If 555ph discovers or has reasonable grounds to believe that personal data has been collected from a person under 21 years of age without appropriate KYC verification, it will immediately suspend the relevant Account, initiate age verification procedures, and — if the player is confirmed to be under 21 — permanently close the Account and delete the associated personal data, subject only to any legally required retention obligations.
If you believe that a person under 21 years of age has registered an Account on 555ph, please contact the 555ph Data Protection Officer immediately at the contact details provided in Section 15.

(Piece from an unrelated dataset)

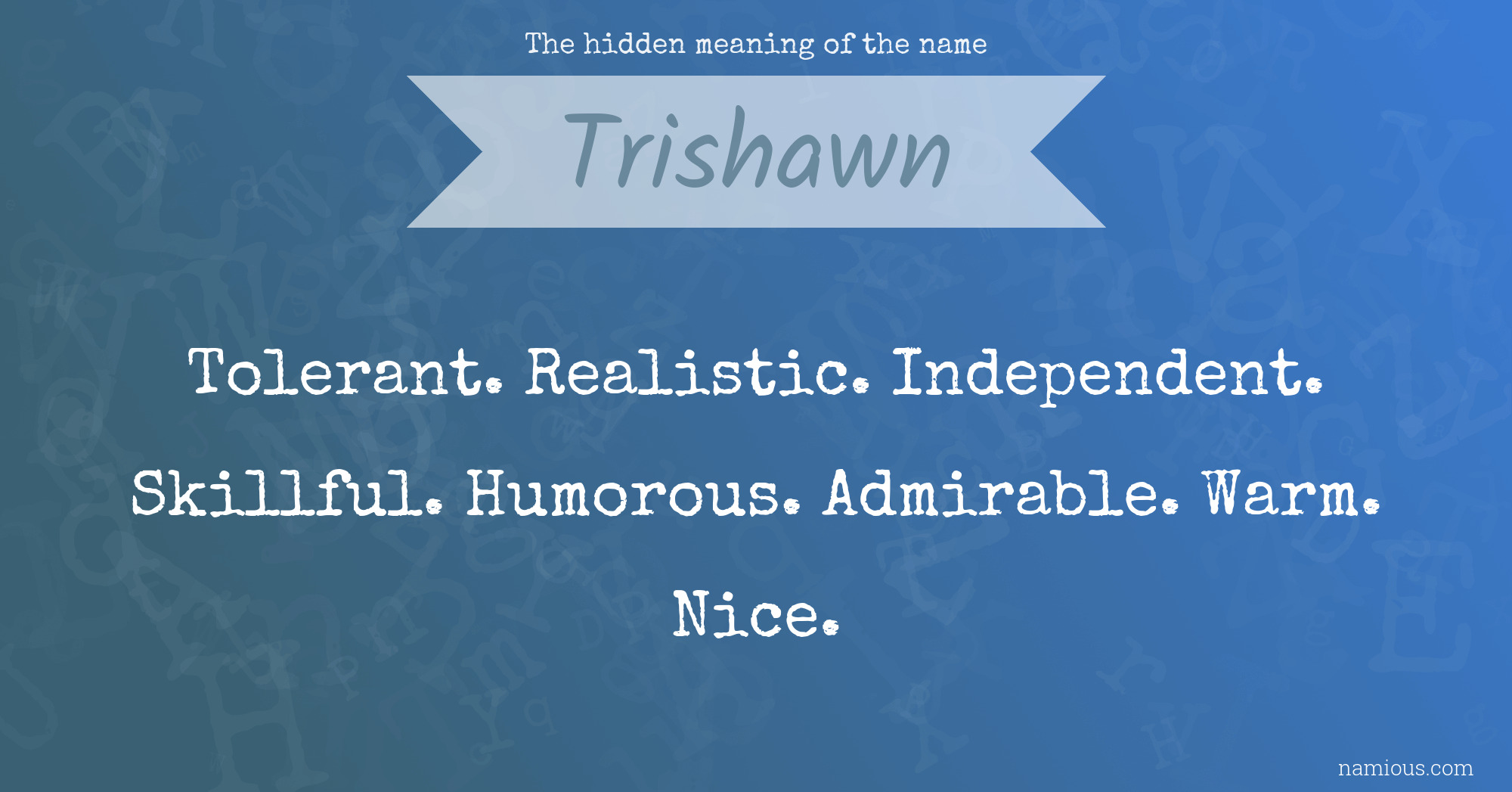 The hidden meaning of the name Trishawn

21+ Requirement — No Exceptions
The 21+ minimum age requirement is a hard regulatory requirement under PAGCOR rules. 555ph enforces this requirement through KYC document verification for all accounts seeking to make withdrawals. Any account holder discovered to be under 21 years of age will have their account permanently closed immediately, with no exceptions.

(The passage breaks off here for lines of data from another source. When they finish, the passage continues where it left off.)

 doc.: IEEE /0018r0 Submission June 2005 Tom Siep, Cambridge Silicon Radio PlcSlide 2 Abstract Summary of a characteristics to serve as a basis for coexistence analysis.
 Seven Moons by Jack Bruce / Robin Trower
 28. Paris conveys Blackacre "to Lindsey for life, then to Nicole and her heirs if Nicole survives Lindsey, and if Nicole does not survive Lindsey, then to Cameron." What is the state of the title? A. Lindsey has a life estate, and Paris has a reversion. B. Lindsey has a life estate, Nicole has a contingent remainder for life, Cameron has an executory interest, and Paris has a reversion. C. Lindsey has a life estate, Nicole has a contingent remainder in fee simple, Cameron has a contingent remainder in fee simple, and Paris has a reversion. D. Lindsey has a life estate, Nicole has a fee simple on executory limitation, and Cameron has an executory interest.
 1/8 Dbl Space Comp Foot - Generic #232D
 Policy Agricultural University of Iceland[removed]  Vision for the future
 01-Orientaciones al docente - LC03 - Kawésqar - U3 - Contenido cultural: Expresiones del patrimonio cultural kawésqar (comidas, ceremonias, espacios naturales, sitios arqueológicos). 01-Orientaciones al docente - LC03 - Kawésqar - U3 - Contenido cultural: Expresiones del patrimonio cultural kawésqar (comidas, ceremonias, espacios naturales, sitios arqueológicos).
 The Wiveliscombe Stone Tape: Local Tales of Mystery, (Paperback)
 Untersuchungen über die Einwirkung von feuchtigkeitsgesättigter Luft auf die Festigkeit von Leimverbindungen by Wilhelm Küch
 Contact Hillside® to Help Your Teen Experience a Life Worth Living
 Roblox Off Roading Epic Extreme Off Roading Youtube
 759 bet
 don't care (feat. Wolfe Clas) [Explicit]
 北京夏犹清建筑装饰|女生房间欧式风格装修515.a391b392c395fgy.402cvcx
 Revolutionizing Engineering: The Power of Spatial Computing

13 Cross-Border Data Transfers
In some circumstances, your personal data may be transferred to and processed in countries outside the Philippines — for example, where 555ph uses cloud infrastructure, fraud detection services, or game software providers whose servers are located outside the Philippines. Where such transfers occur, 555ph ensures that appropriate safeguards are in place to protect your personal data to a standard equivalent to that required under the Data Privacy Act of 2012.
Safeguards for cross-border transfers may include contractual data processing agreements incorporating the standard data protection clauses approved by the National Privacy Commission, transfer to jurisdictions that have been assessed as providing adequate data protection standards, or binding corporate rules where the recipient is part of a corporate group.
For details of specific cross-border transfers affecting your personal data, or to obtain a copy of the safeguards in place, please contact the 555ph Data Protection Officer.
14 Amendments to This Privacy Policy
555ph reserves the right to update this Privacy Policy from time to time to reflect changes in applicable law, regulatory requirements, or our data processing practices. The effective date at the top of this page will always indicate when the most recent version came into force.
Where amendments are material — meaning they significantly affect your rights or the way your personal data is processed — 555ph will notify you by email to your registered address and/or by posting a prominent notice on the platform no less than fourteen (14) days before the amendments take effect. For minor clarificatory changes that do not materially affect your rights, the Privacy Policy may be updated immediately with the revised effective date noted at the top of this page.
Your continued use of the 555ph platform after the effective date of any amendment constitutes your acknowledgement of the revised Privacy Policy. If you do not accept the amended Privacy Policy, you must cease using the platform and contact 555ph to request closure of your Account.
15 Contact & Data Subject Complaints
For all data privacy enquiries, data subject right requests, or complaints regarding 555ph's handling of your personal data, please contact the 555ph Data Protection Officer using the details below. All requests must be submitted in writing. 555ph will acknowledge receipt of your request within five (5) business days and will provide a substantive response within thirty (30) calendar days.
Data Protection Officer, 555ph
Email: [email protected]
Platform: 555ph.one
Response Time: Within 30 calendar days of receipt
If you are dissatisfied with 555ph's response to your data privacy complaint, you have the right to escalate the matter to the National Privacy Commission (NPC) of the Philippines, which is the competent supervisory authority for data protection matters under the Data Privacy Act of 2012.
For questions regarding your gaming account, responsible gaming tools, or terms of service, please also refer to the Terms & Conditions and Responsible Gaming pages of this site.